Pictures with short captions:

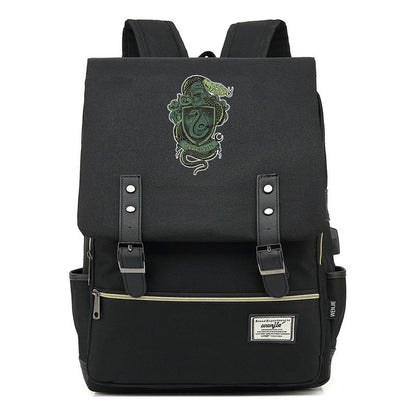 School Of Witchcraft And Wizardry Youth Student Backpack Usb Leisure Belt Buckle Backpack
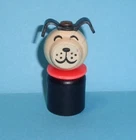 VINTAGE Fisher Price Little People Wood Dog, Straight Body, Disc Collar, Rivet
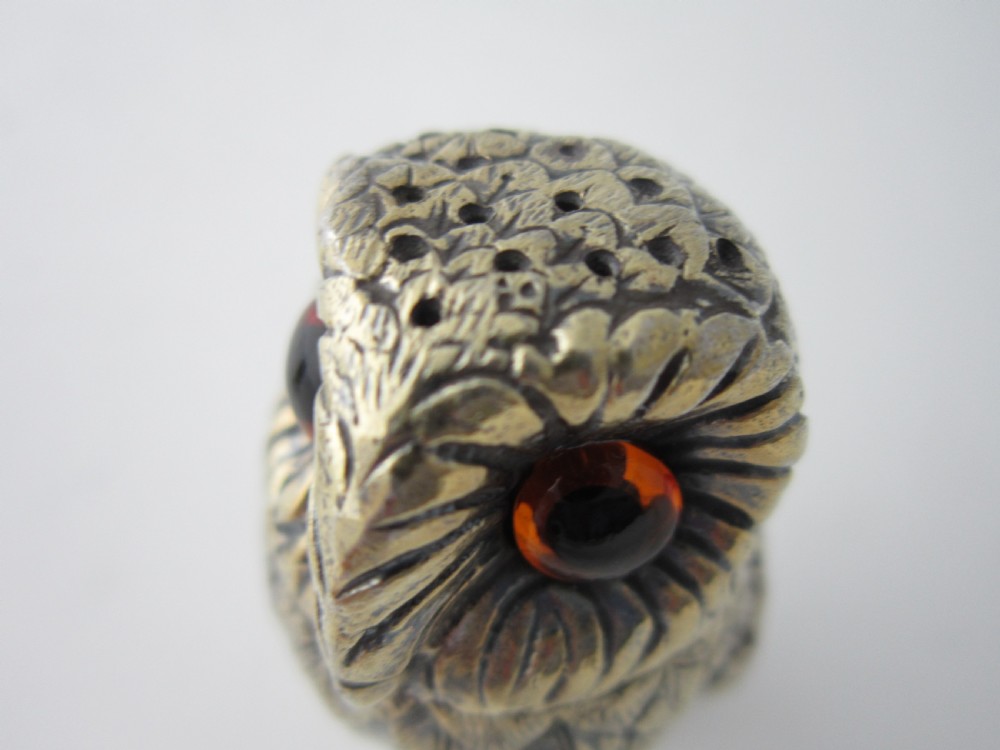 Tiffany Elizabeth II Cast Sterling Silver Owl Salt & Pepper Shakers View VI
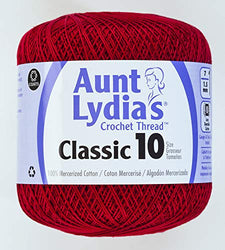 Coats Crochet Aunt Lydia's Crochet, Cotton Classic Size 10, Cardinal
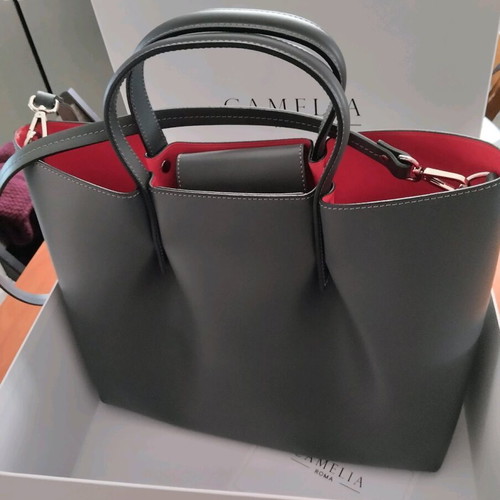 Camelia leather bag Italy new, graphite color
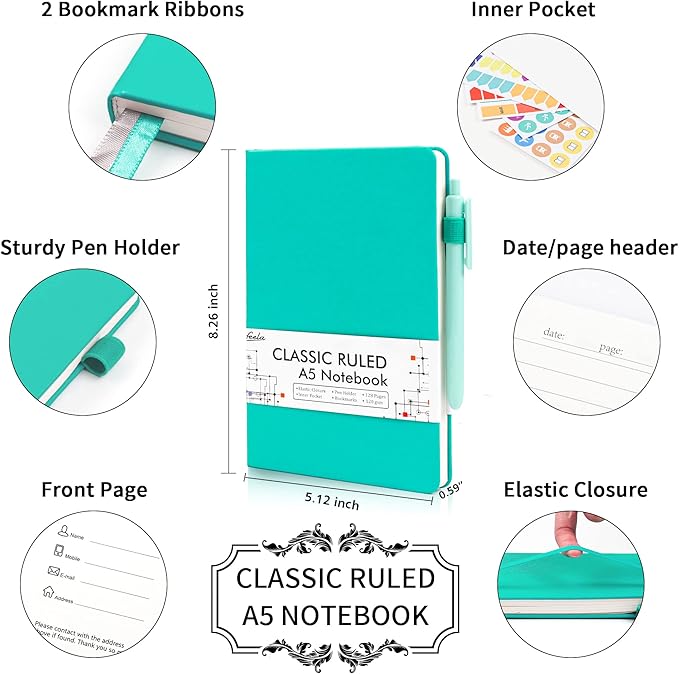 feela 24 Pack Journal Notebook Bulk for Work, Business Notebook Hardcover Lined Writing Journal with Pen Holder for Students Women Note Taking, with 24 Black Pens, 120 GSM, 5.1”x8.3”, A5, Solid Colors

# ACTION ITEM:
Please print exactly the lines from the one holding "Camelia leather bag" through the final line of the data above, including both, and skip all pictures.

# REPLY TO THE EXERCISE:
 Camelia leather bag Italy new, graphite color
 feela 24 Pack Journal Notebook Bulk for Work, Business Notebook Hardcover Lined Writing Journal with Pen Holder for Students Women Note Taking, with 24 Black Pens, 120 GSM, 5.1”x8.3”, A5, Solid Colors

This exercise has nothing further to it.